COLLAPSOBOBOLOGIE APPLIQUÉE
À tout seigneur, tout honneur : remercions pour commencer les vénérables éditions Buchet-Chastel ainsi que notre site bibliomaniaque en ligne préféré, l'incontournable Biblio.com, pour cet envoi réalisé dans le cadre d'une Masse Critique spéciale.
Avant d'entamer une chronique probablement assez rapide, il nous fallait préciser que nos lectures nous portent assez régulièrement vers ces genres que l'on désigne aujourd'hui bien souvent par les termes que voici : roman dystopique, post-apocalyptique (souvent désigné par son apocope de "post-apo"), parfois "anticipation" - qui a un peu vieilli mais que nous trouvions pourtant à notre goût -, plus rarement encore "contre-utopie", qui implique bien souvent une part non négligeable de descriptions et d'explications savantes, philosophiques, politiques d'où la part romanesque est généralement évincée ; de toute manière, ce genre qui fit les beaux jours des rayons des libraires de la fin du XIXè et du début du siècle précédent ne fait plus guère recette aujourd'hui. L'un des plus récent et parmi les plus remarquable est bien évidemment le fulgurant roman de l'américain Cormac Mc Carthy, La route qui, sans jamais faire dans la démonstration ni l'étude de thème fastidieux, est d'une puissance colossale, servi par un style souvent bref mais d'une étrange et souvent violente poésie. Mais il en existe bien d'autres.

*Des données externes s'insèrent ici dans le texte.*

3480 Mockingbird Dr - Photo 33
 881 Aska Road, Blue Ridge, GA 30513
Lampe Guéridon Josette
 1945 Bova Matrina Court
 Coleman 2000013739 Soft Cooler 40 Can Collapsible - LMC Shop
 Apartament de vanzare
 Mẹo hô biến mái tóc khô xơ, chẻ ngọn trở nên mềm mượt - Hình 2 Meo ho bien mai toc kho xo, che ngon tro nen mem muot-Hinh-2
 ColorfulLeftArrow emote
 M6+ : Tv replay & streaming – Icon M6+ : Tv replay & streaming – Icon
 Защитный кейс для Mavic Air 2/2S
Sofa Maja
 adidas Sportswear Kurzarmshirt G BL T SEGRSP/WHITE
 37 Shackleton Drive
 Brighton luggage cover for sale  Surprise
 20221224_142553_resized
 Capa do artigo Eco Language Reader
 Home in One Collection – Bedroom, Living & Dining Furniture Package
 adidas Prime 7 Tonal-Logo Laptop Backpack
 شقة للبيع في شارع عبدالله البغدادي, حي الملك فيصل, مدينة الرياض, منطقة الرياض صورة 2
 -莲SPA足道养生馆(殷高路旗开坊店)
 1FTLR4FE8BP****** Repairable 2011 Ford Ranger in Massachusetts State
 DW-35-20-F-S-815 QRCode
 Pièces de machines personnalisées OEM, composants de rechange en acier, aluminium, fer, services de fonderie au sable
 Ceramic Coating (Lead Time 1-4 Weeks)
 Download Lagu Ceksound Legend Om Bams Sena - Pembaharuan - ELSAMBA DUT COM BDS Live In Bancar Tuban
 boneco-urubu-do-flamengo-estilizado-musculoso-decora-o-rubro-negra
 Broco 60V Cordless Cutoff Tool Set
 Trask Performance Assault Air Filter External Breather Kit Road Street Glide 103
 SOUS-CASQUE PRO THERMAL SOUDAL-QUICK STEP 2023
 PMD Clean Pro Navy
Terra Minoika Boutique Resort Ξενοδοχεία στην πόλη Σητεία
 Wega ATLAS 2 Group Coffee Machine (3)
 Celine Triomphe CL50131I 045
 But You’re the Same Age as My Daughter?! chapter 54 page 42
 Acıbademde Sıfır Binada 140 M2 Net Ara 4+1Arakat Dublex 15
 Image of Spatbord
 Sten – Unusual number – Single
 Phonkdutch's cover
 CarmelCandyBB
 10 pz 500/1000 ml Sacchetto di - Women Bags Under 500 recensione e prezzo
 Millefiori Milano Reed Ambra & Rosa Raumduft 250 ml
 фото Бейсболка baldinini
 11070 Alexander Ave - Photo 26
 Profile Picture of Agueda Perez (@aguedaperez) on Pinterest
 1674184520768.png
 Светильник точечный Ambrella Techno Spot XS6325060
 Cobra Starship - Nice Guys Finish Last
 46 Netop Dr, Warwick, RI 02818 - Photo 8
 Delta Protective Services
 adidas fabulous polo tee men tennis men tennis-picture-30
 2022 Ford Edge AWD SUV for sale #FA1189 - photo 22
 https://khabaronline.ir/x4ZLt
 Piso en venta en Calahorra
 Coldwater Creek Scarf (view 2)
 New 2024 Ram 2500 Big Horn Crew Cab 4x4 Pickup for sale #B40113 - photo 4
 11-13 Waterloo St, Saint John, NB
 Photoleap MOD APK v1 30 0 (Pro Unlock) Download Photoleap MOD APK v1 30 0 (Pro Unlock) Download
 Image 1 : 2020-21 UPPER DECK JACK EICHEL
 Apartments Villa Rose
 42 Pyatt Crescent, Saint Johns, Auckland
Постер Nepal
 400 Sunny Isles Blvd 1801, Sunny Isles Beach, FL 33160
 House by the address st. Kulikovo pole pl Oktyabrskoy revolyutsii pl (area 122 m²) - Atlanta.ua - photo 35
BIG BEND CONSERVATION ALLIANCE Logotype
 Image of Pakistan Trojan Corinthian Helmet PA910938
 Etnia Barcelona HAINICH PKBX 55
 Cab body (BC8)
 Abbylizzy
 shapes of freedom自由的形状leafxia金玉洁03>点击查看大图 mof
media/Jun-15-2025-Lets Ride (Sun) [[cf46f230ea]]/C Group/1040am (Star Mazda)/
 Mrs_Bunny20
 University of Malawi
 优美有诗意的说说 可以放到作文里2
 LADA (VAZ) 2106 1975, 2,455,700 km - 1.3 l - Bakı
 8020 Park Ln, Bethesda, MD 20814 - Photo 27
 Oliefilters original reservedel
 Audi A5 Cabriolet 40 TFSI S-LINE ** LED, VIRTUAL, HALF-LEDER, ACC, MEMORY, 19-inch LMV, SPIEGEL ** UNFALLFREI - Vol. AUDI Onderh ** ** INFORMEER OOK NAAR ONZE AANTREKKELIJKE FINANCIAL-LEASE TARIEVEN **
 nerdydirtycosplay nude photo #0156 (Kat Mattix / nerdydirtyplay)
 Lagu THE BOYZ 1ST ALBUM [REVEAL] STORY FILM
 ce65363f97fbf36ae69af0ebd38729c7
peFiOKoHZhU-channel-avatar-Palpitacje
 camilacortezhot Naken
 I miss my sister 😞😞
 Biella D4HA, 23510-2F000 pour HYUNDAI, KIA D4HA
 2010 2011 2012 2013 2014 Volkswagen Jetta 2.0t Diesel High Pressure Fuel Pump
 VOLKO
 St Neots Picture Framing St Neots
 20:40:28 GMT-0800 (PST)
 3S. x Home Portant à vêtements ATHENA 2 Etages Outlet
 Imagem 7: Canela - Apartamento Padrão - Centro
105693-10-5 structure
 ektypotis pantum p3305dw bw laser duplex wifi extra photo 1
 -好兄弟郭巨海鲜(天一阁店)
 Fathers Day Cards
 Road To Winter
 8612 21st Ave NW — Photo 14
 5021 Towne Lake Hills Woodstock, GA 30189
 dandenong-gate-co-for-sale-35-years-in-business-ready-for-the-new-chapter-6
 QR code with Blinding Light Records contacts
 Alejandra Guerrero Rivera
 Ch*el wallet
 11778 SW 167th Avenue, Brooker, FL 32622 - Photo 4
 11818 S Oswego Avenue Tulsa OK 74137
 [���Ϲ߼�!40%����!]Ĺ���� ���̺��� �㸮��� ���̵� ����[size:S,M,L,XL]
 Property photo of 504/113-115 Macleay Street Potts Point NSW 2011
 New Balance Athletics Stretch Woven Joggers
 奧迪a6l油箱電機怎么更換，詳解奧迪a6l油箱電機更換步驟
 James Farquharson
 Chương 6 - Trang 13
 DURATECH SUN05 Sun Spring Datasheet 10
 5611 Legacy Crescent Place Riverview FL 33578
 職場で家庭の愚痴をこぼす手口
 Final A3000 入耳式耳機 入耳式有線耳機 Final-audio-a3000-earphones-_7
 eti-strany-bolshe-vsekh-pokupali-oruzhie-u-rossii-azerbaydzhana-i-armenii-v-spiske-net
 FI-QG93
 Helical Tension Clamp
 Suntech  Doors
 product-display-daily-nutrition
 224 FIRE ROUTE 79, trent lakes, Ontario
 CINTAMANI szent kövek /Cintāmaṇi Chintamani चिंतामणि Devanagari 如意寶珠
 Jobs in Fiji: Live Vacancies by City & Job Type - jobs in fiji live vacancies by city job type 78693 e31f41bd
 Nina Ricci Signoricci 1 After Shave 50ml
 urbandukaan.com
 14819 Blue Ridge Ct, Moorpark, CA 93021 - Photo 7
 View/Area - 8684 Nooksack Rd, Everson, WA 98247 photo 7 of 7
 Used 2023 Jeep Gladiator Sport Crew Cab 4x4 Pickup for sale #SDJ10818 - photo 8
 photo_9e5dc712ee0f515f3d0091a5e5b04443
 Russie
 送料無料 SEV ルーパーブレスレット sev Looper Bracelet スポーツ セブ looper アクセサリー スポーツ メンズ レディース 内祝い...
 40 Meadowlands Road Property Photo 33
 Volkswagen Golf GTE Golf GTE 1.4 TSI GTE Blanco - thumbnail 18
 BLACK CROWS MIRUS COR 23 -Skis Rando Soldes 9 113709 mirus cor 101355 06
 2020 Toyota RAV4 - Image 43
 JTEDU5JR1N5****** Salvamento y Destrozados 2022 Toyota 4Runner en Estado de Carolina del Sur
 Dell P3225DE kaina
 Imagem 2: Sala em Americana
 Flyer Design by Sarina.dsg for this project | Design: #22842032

Hélas, c'est un peu tout l'inverse ici. Reprenons depuis le début :
Nous sommes dans pas bien longtemps (fin 2022 pour être exact). "Cela" débute par un simple ouragan un peu plus fort que les autres, un peu plus destructeur et surtout atteignant la région la plus riche du globe : les côtes de la Californie. Jusque-là, rien que de très malheureusement (de plus en plus) commun. Sauf que... Sauf que l'effondrement tant craint (espéré ?) par certains, à commencer par ceux que l'on nomme désormais de ce néologisme plutôt bien trouvé, les collapsologues, est déjà en cours : les sommes à rembourser sont tellement faramineuses, les dégâts tellement incroyables, que le marché, jusque-là bon prince, les sociétés d'assurance, véritables hydres financières modernes, ne peuvent s'en sortir. Au Noël de cette annus horribilis, il est désormais clair que le système n'est plus assez résilient pour s'en sortir, malgré toutes les "réunions au sommet" de rigueur. Par effet domino, c'est l'ensemble des secteurs économiques puis sociaux et politiques qui vont être touchés, d'abord aux USA puis sur toute la planète, pour ne plus jamais pouvoir faire machine arrière.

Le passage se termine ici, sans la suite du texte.